MASIE: “high-resolution, accurate charts of ice conditions”
Walt Meier, NSIDC, October 2015 article in Annals of Glaciology.
I’ve been waiting for September 30 results to compare the monthly average for this year with previous ones. But the remarkable rate of refreezing in the Arctic needs reporting. MASIE counts ice extent using 40% coverage of 4k km2 grid cells, making it the highest resolution dataset. As well, it incorporates estimates from satellite passive microwave sensors, supplemented with satellite imagery and reports from buoys and ships.
The red line is September 2007, which was the lowest in the last 10 years, except for 2012 which was hit by the great Arctic Cyclone. More importantly, 2007 had the smallest annual average ice extent in the MASIE record (since 2006). The blue line is the ten-year average for days in September (2006 to 2015 inclusive). MASIE 2015 is in purple, MASIE 2016 in green, and 2016 NOAA SII (Sea Ice Index) is in yellow.
While the minimums all occurred days 260 to 262, 2007 extents were already trending lower, and presently the other four measures are converging. Since the September rate of regaining ice was at a decadal high in 2015, it is remarkable for 2016 to be improving on that. Since 2007 will end the month close to where it is now, we can project that 2016 monthly average will be considerably higher, likely to exceed also 2008. With SII virtually tied with MASIE, that index will also be showing a September average well over 4.4M km2.
With 2016 ice extents surging, we can project that Arctic ice has continued on a flat or slightly increasing trendline with no evidence of a decline since 2007.
Why the Discrepancy between SII and MASIE?
The issue also concerns Walter Meier who is in charge of SII, and as a true scientist, he is looking to get the best measurements possible. He and several colleagues compared SII and MASIE and published their findings last October. The purpose of the analysis was stated thus:
Our comparison is not meant to be an extensive validation of either product, but to illustrate as guidance for future use how the two products behave in different regimes.
The Abstract says:
Passive microwave sensors have produced a 35 year record of sea-ice concentration variability and change. Operational analyses combine a variety of remote-sensing inputs and other sources via manual integration to create high-resolution, accurate charts of ice conditions in support of navigation and operational forecast models. One such product is the daily Multisensor Analyzed Sea Ice Extent (MASIE). The higher spatial resolution along with multiple input data and manual analysis potentially provide more precise mapping of the ice edge than passive microwave estimates. However, since MASIE is based on an operational product, estimates may be inconsistent over time due to variations in input data quality and availability. Comparisons indicate that MASIE shows higher Arctic-wide extent values throughout most of the year, largely because of the limitations of passive microwave sensors in some conditions (e.g. surface melt). However, during some parts of the year, MASIE tends to indicate less ice than estimated by passive microwave sensors. These comparisons yield a better understanding of operational and research sea-ice data products; this in turn has important implications for their use in climate and weather models.
The whole document is informative and worth the read.
For instance MASIE is described thus:
Human analysis of all available input imagery, including visible/infrared, SAR, scatterometer and passive microwave, yields a daily map of sea-ice extent at a 4 km gridded resolution, with a 40% concentration threshold for the presence of sea ice. In other words, if a gridcell is judged by an analyst to have >40% of its area covered with ice, it is classified as ice; if a cell has <40% ice, it is classified as open water.

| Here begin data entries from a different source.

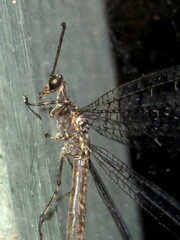 Glenoleon pulchellus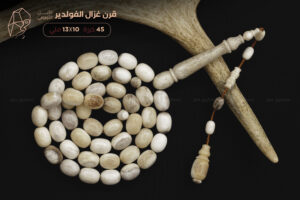 قرن غزال الفولدير (الأيل الأوروبي)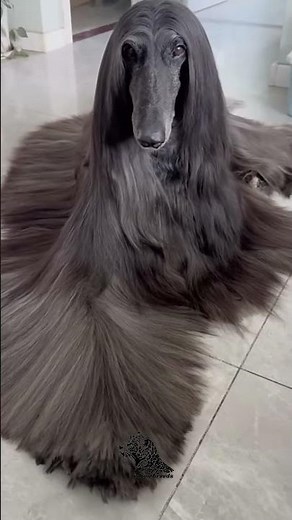 Afghan Hound – The Elegant Sighthound 🐕✨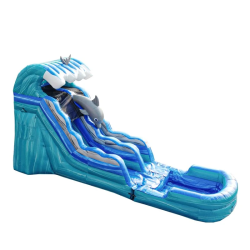 Dolphin2016ft20Water20Slide202 1782963313 Dolphin 16ft Water Slide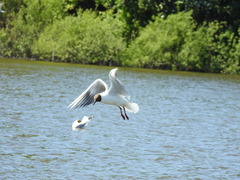 Chroicocephalus ridibundus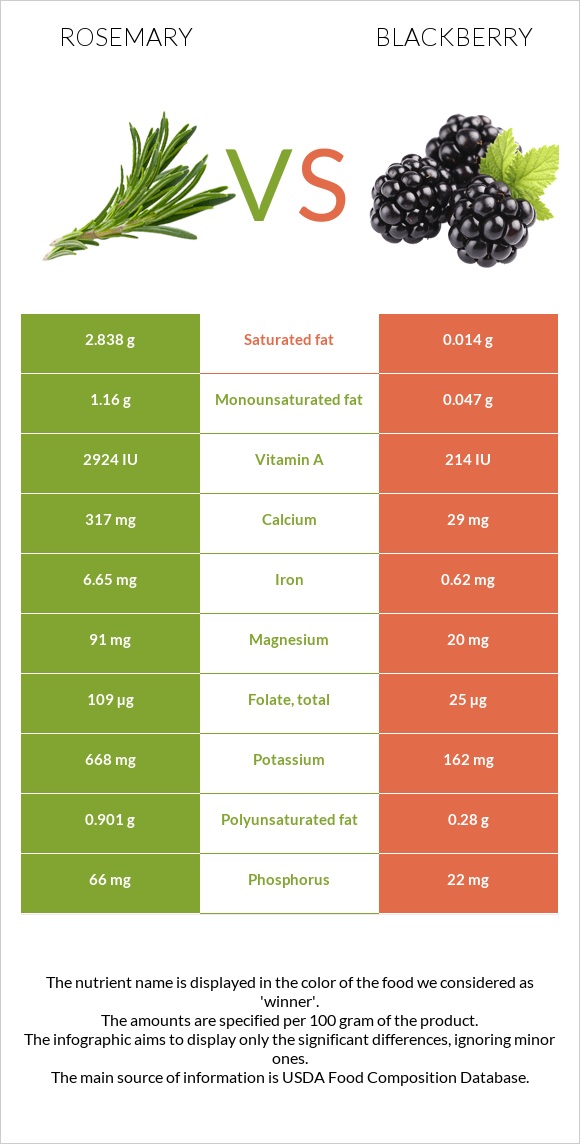 Rosemary vs Blackberry infographic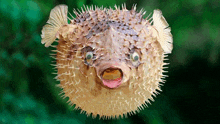 a close up of a puffer fish 's face with its mouth open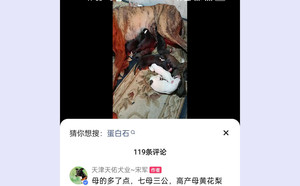 魔法蛋白石X黄花梨 TY536，941000225080536.jpg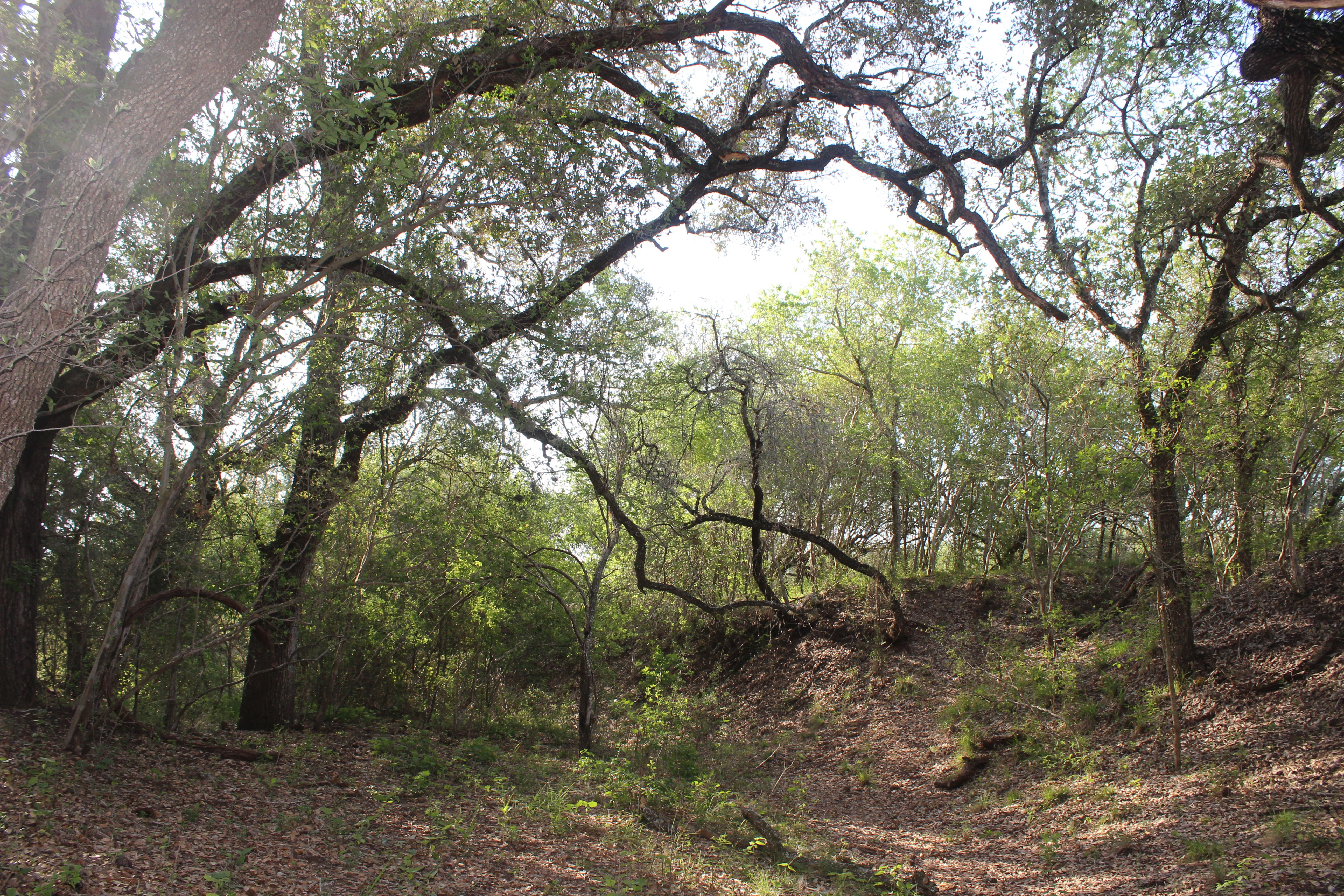  810+/- Acre Cabeza Creek Ranch - 物件實景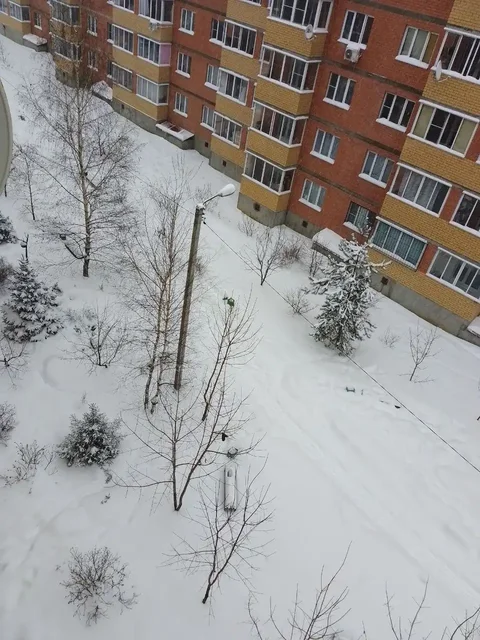 Сдача квартир в Марусино, Подмосковье - Недвижимость в Марусино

The fact that MASIE employs human judgment is discomforting to climatologists as a potential source of error, so Meier and others prefer that the analysis be done by computer algorithms. Yet, as we shall see, the computer programs are themselves human inventions and when applied uncritically by machines produce errors of their own.
The passive microwave sea-ice algorithms are capable of distinguishing three surface types (one water and two ice), and the standard algorithms are calibrated for thick first-year and multi-year ice (Cavalieri, 1994). When thin ice is present, the algorithms underestimate the concentration of new and thin ice, and when such ice is present in lower concentrations they may detect only open water. The underestimation of concentration and extent of thin-ice regions has been noted in several evaluation studies. . .Melt is another well-known cause of underestimation of sea ice by passive microwave sensors.
The paper by Meier et al. is a good analysis, as far as it goes. In a post NOAA is Losing Arctic Ice I showed the gory details and brought the comparison up to date.